Lupita Nyong’o’s rising star, and the global economics of ‘blackness'

What you need to know:

  • For black people, the legacy of all these has been debilitating. For example, women across all races, for sure, wear extensions, but a Caucasian woman will wear wavy extensions that make her already longish wavy hair look longer, not different.
  • To many “black and proud” activists, it is self-loathing that forces black women to seek these alterations. I understand braids, and have seen many that are beautiful and tasteful. Beyond that, I am hopelessly lost.
  • Someone like Lupita, or South Sudan born supermodel Alek Wek, who strut their black without coating, however, don’t compromise. They force the world to come to them on their terms — especially if they are also thin. It would not have worked if they were typically big-hipped East African women.

Kenyan actress Lupita Nyong’o has been collecting many gongs for her role in the Hollywood film, 12 Years A Slave.

Last Sunday, she created a big buzz at the Golden Globes Awards ceremony.

The Golden Globes are bestowed by members of the Hollywood Foreign Press Association for excellence in film and television.

Though 12 Years A Slave won the Best Drama Film award, Lupita didn’t win a personal prize for her part. What she did win, no matter which website, newspaper, or TV channel you turned to, was the best-dressed actress of the night.

A tweep, Lola Ogunnaike, gushed about how “Lupita shut it down in red Ralph Lauren. She looks like a sartorial superhero in that exquisite red cape!”

But it was Kenyan writer Binyavanga Wainaina who took to Twitter and really had a good ball with the impression Lupita made, not with her dress, but her natural hair.

“Dear African women and your daughters, LOOK! No weave on Lupita’s head”, Binyavanga wrote. A few minutes later, he was back: “African women in spotlight today forgot chemical burns, fake hair”.

As the discussion got lively, he sent off another volley: “Millions of African women today pulled weaves out with bare hands.”

Then he stuck the knife to Africa women who do false hair, writing that Lupita’s look said: “Look! No dead camels, and poor women from India on my head!”

But Binyavanga is not one to just wax about Lupita and her hair. So what else might he have been saying? Hardly anyone had the courage to say that Lupita also flaunted her dark skin unapologetically.

So both Lupita’s hair and skin inevitably threw up the question of what “blackness” means in this digital and globalised age.

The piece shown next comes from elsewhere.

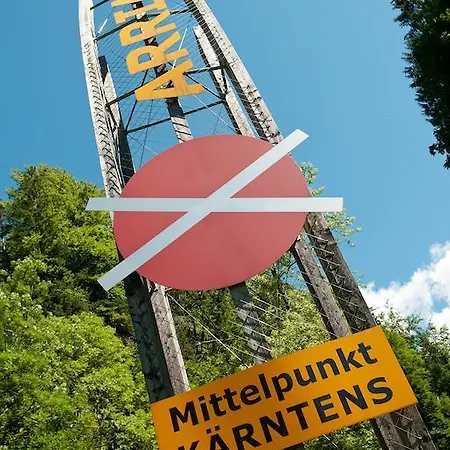 Grundnerhof Arriach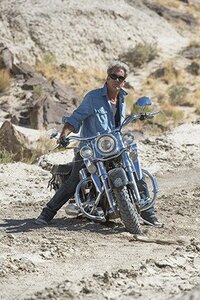 Blood Father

There is a long and bitter history to blackness, including slavery, colonialism, racism and discrimination against “people of colour”, especially in the West.

For black people, the legacy of all these has been debilitating. For example, women across all races, for sure, wear extensions, but a Caucasian woman will wear wavy extensions that make her already longish wavy hair look longer, not different. Black women often wear wavy extensions to make their kinky short hair look wavy and long — something totally opposite to what they are endowed with naturally.

Skin bleaching also falls in the same category. A Chinese or Indian woman who bleaches her skin to look white, travels a short journey. The very dark African woman (and Congolese male musicians) who does the same makes a very very long journey to achieve whiteness (which they never do anyway).

To many “black and proud” activists, it is self-loathing that forces black women to seek these alterations. I understand braids, and have seen many that are beautiful and tasteful. Beyond that, I am hopelessly lost.

However, I do understand the commercial value of racial ambiguity in a digital universe. As a musician or model, it can be profitable not to be too white, too black, too Asian, or too Hispanic — name it.

For example, someone like Beyoncé — every race sees a bit of itself in you. That is important for the more “tribal” consumers who need to feel comfortable that a song is by one of their own. Michael Jackson exploited this brilliantly, though with disastrous consequences to his mind and health.

But everyone who does this basically accommodates himself or herself to the world. They seek racial ambiguity because that is what the globalised world rewards.

Someone like Lupita, or South Sudan born supermodel Alek Wek, who strut their black without coating, however, don’t compromise. They force the world to come to them on their terms — especially if they are also thin. It would not have worked if they were typically big-hipped East African women.

Her confidence, and the absence of self-aware nervousness, was remarkable. Like all stories, though, it is never so straightforward. Lupita was well-born, so to speak. And as a middle class child, she probably didn’t have to suffer the putdowns that crush the confidence of those born lower on the social ladder.

And the problem of false hair and bleached skin is not a women’s issue; it is a social one. Many men demand it. And, sometimes, it is easier to climb up in Africa with false hair and a touch of bleached skin.